As a parent, you have one main objective that shadows everything you do and that is making sure your child is okay. That’s parenting in a nutshell. Sure, there are a million little bits and pieces that make up that nutshell but at the end of the day, your only concern is them. Are they safe? Are they happy? Is their head in the right place? And if at anytime the answer to one of those questions is no – you find the solution. You always find the solution and if not the solution, you find the pathway to the solution… but what if that’s not possible?
As I watch my 6 year old daughter struggle with the isolation, repetitiveness and uncertainty of lockdowns, it’s hard to not feel like a failure as a mother. I am not a failure at all, but it is hard to see that when you are in a situation you a) cannot control, b) cannot change and c) are struggling to cope with yourself.

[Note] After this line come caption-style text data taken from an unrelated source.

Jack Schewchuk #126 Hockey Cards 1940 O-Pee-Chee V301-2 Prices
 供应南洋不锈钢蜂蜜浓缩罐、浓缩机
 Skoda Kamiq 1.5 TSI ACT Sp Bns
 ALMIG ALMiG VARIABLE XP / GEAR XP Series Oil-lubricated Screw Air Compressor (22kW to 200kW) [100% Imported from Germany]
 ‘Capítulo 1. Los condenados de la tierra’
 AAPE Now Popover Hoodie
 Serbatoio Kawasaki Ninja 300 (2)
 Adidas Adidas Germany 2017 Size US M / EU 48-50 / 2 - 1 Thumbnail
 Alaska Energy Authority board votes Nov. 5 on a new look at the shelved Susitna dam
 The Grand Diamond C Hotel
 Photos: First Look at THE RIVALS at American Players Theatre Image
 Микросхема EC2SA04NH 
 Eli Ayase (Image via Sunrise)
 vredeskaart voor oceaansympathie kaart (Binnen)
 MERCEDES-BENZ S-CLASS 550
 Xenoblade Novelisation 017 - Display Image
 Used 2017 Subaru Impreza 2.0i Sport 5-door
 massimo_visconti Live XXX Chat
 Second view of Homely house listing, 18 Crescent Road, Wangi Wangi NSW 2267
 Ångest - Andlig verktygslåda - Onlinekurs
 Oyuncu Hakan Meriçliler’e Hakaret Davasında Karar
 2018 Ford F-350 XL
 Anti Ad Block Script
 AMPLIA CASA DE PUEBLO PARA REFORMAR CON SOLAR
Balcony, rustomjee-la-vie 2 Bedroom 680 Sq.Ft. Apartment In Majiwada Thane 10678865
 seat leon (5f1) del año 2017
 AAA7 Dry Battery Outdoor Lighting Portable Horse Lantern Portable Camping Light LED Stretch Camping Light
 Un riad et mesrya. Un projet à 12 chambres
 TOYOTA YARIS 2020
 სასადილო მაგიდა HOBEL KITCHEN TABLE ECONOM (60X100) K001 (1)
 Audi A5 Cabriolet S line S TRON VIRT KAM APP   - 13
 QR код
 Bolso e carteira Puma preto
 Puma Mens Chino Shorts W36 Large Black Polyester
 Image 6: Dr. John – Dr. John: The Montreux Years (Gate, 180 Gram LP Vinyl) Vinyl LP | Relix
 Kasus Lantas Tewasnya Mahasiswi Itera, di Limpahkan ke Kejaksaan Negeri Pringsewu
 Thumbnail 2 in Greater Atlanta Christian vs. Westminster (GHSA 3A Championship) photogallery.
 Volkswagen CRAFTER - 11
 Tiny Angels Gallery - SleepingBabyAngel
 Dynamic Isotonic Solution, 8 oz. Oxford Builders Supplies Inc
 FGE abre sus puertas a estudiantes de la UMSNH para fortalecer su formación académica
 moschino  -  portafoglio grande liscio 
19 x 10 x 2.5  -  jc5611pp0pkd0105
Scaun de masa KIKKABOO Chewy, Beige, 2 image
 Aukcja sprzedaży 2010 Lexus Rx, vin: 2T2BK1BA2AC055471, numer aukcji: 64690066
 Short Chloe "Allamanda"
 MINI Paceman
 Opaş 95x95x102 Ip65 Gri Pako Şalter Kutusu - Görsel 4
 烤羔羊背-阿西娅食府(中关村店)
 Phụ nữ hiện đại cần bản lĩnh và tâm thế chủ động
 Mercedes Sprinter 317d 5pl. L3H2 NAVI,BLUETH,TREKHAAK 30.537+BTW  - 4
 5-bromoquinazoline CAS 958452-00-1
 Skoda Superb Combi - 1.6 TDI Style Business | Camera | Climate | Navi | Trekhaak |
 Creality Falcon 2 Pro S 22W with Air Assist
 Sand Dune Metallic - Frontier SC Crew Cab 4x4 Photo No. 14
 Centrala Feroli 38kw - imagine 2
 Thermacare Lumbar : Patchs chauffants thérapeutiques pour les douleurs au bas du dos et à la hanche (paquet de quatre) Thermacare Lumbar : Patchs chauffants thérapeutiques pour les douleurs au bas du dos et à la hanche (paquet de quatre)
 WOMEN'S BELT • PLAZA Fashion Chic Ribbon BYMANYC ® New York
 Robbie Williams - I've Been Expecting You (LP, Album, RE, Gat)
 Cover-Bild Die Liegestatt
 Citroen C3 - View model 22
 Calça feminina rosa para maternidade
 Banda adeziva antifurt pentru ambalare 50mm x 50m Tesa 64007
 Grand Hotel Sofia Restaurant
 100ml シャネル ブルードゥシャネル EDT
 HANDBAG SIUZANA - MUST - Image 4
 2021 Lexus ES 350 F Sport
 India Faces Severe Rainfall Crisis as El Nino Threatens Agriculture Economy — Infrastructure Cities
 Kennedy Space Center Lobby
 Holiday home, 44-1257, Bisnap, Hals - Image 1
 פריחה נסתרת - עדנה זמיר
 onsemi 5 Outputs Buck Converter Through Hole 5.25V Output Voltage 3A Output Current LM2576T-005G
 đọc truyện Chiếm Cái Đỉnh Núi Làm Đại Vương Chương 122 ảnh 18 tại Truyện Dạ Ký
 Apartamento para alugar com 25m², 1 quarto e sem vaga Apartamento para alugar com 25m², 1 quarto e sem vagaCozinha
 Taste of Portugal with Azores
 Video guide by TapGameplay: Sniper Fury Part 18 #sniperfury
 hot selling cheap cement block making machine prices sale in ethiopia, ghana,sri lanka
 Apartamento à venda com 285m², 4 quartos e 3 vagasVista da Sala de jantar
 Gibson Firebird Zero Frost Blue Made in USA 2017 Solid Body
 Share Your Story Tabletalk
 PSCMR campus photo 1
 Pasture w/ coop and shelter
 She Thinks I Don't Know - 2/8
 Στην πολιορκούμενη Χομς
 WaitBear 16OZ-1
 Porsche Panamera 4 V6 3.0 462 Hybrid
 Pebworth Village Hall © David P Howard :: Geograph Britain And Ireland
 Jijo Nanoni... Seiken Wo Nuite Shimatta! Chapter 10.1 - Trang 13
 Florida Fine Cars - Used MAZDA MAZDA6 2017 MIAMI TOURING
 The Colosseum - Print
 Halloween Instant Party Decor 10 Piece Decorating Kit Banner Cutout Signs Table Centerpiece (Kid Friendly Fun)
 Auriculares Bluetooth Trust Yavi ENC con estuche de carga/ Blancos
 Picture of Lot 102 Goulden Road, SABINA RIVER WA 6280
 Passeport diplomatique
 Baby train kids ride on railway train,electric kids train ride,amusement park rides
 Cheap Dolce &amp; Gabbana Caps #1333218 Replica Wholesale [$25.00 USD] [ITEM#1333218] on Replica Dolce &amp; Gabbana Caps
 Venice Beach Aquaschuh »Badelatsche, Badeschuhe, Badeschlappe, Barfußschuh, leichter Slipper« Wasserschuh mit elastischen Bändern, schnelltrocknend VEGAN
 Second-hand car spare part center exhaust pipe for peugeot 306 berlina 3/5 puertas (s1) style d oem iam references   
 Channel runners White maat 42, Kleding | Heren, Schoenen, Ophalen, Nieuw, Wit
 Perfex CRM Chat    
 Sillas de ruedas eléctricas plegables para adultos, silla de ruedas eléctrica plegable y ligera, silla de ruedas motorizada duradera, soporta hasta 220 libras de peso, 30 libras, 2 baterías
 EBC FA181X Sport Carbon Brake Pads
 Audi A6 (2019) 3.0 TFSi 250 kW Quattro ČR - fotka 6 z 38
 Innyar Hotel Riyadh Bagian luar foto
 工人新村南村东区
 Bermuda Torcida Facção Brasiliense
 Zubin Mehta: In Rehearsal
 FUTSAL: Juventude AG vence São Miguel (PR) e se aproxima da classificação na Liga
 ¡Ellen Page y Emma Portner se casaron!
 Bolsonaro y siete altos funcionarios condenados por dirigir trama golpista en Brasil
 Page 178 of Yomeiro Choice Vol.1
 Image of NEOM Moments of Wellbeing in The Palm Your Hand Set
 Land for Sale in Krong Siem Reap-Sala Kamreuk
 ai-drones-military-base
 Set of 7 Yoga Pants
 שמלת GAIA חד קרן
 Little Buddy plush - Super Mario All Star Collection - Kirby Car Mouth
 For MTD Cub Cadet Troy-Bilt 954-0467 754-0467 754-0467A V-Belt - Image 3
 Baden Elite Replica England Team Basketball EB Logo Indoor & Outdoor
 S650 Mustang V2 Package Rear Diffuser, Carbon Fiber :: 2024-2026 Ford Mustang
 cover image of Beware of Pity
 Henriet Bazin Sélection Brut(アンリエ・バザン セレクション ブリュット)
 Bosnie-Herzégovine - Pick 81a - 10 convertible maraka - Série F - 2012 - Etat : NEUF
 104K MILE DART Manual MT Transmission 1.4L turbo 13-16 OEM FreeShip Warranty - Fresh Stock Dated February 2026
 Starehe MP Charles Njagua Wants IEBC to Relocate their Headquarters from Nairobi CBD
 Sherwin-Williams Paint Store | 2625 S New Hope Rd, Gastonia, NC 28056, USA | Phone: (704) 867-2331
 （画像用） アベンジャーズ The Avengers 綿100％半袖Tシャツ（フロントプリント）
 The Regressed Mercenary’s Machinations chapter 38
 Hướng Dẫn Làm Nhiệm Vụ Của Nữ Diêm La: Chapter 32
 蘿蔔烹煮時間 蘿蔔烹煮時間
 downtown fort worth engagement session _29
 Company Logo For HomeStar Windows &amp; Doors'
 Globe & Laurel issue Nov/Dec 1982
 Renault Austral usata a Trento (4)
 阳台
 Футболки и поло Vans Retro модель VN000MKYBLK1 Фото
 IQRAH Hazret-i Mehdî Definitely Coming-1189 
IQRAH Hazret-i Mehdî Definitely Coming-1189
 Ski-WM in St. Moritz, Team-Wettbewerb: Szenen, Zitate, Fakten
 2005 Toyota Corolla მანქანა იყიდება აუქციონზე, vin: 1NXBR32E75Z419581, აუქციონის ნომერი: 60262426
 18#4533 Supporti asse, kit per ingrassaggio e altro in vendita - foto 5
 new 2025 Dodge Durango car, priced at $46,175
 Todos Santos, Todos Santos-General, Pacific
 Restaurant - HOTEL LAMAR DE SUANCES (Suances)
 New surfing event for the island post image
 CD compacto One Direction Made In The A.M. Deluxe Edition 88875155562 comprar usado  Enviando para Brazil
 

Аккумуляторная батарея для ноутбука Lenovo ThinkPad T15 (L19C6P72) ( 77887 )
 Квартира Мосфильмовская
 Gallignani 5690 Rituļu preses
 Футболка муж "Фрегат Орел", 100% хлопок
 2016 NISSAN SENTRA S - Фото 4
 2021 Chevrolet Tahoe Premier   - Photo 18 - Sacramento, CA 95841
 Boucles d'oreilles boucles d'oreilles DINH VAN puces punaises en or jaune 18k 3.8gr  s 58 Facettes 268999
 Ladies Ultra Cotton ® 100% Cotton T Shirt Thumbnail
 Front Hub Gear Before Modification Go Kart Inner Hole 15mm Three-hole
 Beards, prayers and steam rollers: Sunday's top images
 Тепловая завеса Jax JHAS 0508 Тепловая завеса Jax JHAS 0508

The massive changes in the role a parent plays have been sudden and damaging to many families. The once uplifting role a mother would play has become a much harder task to take on as the negativity of the world takes a toll on everyone’s mood and children are more dependent on their parents for social interaction. This extra weight may be causing you to feel frustrated, overwhelmed, anxious and tired putting an unnecessary but unavoidable strain on your relationships within your family, including with your children. This is common among many parents as we all try to comprehend the changes in our daily lives and limit on our daily activities.
Parents who work from home or families who have extended family members living with them may be feeling cramped and smothered by the lack of space and privacy available in their homes. And with many areas in Victoria and New South Wales under a 5km rule and only 2 hours of exercise allowed, finding time to get out and have a breather is a little harder than it once was.
I’m not going to try and sugar coat a piece of shit because in all honesty, I am struggling with my mental health as much as the next person. I am constantly worrying about my daughters mental health and her early development and what kind of permanent damage is being done by isolating her for so long. I am sitting here, always questioning why our government is only worried about the handful of deaths from COVID-19 but ignoring the hundreds of deaths caused by suicide during lockdowns.

All I have for the parents out there that resonate with what I’m saying is you are not alone. We are all amazing parents. What we are going through wasn’t in the job description, it’s not something you were ever going to be prepared for because we never pictured a scenario like this. Stop beating yourself up, as hard as it is. You are struggling to adapt as much as your kids are, no parents were expected to get their children across the line through an 18+ month cycle of isolation and face masks. But you are here and you doing the best you can. That’s all we can do until this nightmare is over.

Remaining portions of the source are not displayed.